Oh yeah? There are two problems with this. First, the 513m never was, and never was claimed to be, real money. It isn't actual pounds and pence that a principal youth officer can rub their hands over and chuckle: "I'm rich, I'm rich, it's all mine ..." It is an accountancy calculation based on a complex formula-funding share. That is different from money.

The second problem is that the 513m is not a youth service figure. It is the amount allocated to a youth and community sub-block of the education budget. That includes community education and spending on student support in further education.

Are community education and further education student support part of the youth service? They are not.

It is odd that a green paper, which is meant to be a consultation document not an annual report, should bother blowing the Government's spending trumpet at all. But it is seriously upsetting when it is clouded by such sloppy claims.
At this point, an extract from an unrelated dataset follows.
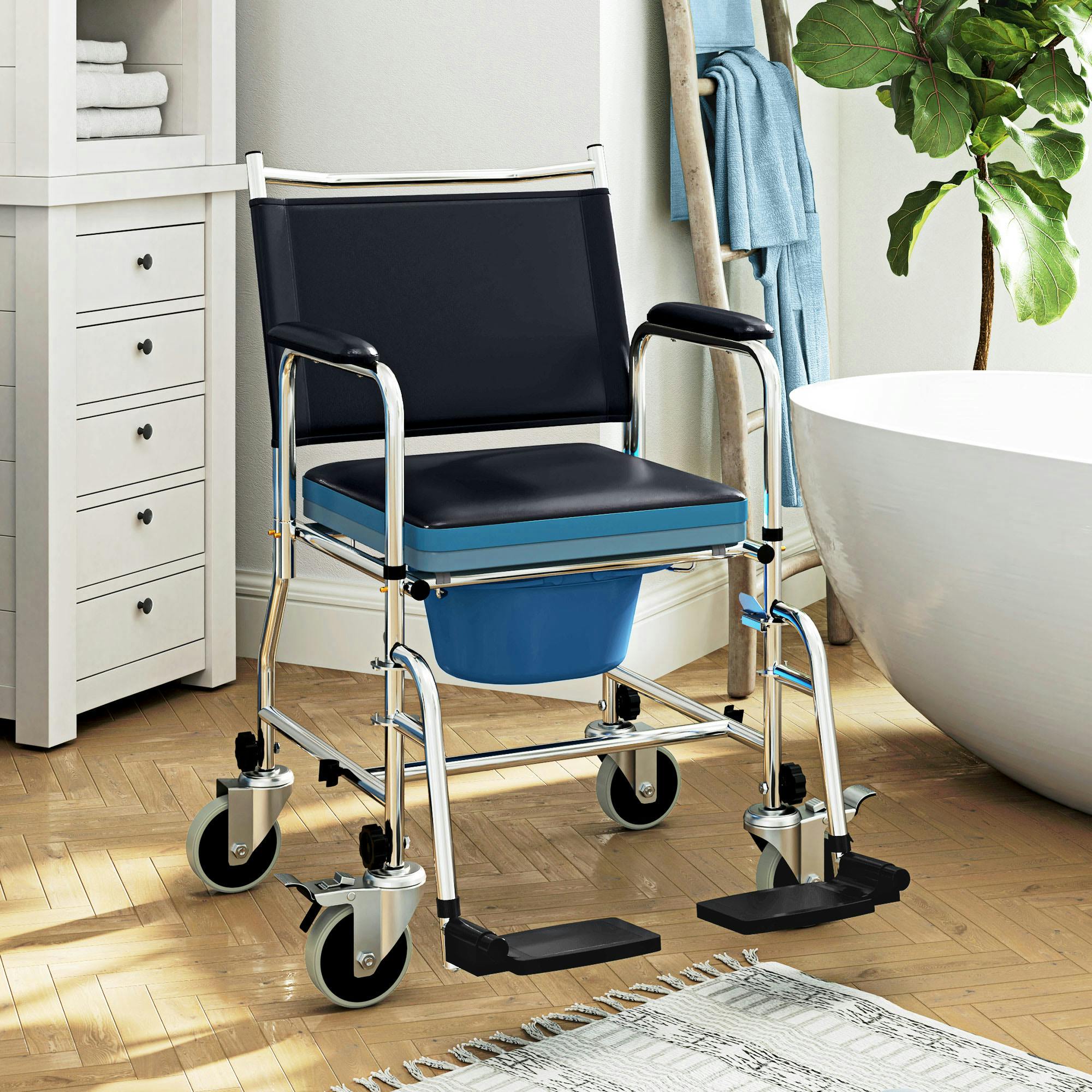 Homcom Black Rolling Shower Chair With Wheels, Bedside Commode Wheelchair For Seniors
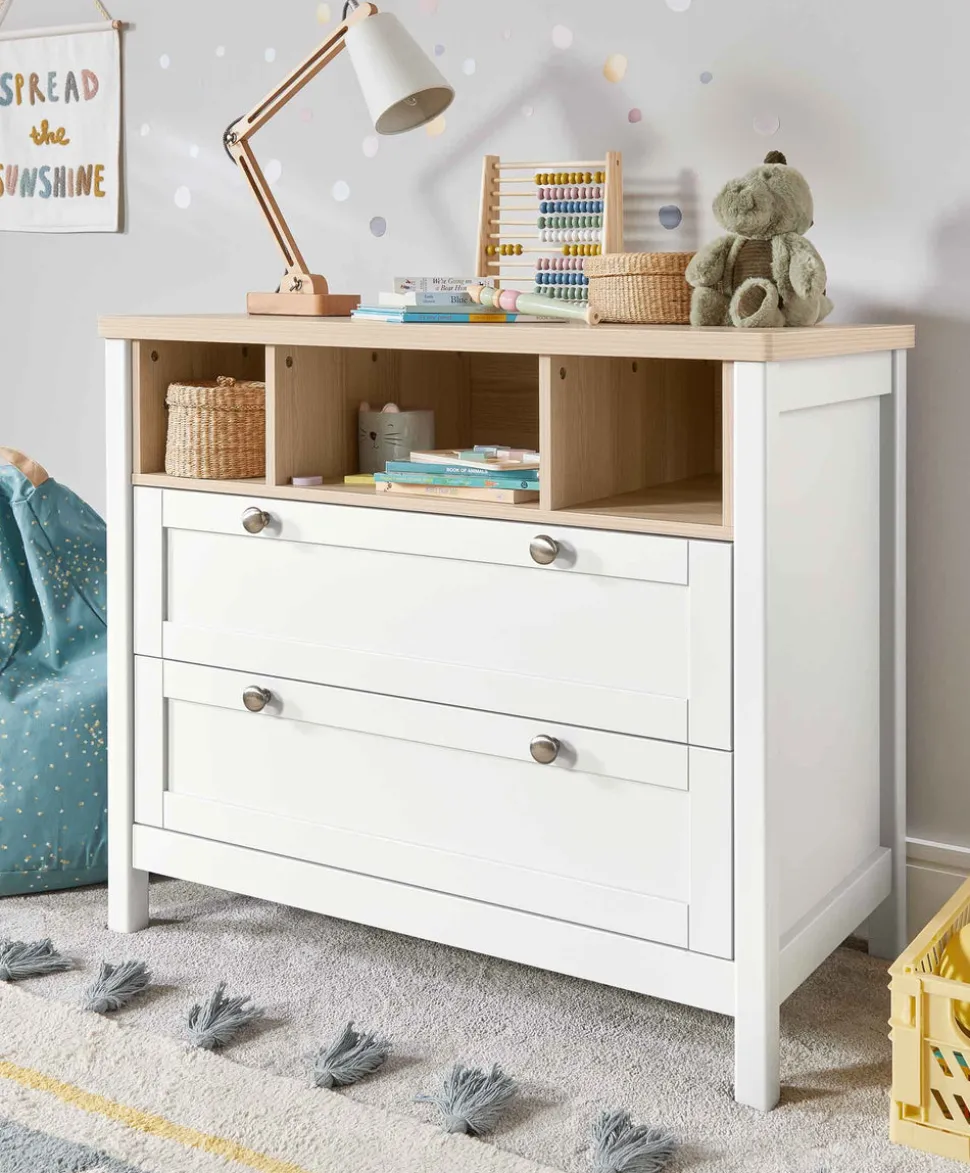 Harwell 3 Piece Convertible Cot Range with Dresser Changer & Wardrobe - White/Natural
The common view is that the commitment to increased spending on the youth service does seem to be genuine. So it is a shame to see such inaccuracy in the figures. And that's a real shame, not a formula of shame calculated by accountants.

While the Home Office was busying itself making laws to clear drunken louts off our streets, it saw some tidying up to be done over young people's drinking habits. So it stuck a new power in its amendment to the Criminal Justice and Police Act 2001.

This enables the police to stop underage drinkers and "to confiscate their unopened bottles and cans where the young person is drinking, has been drinking, or intended to drink alcohol". Which covers most possibilities ...

But why do this? The press statement says it "reflects concerns from the police, and others, that leaving alcohol in the possession of underage drinkers who are causing a nuisance will allow them to continue drinking and create nuisance once the police officer has moved on".

Doh! Just to remind you, the date of the Confiscation of Alcohol (Young Persons) Act was 1997. Has it really taken six years for ministers to figure that out?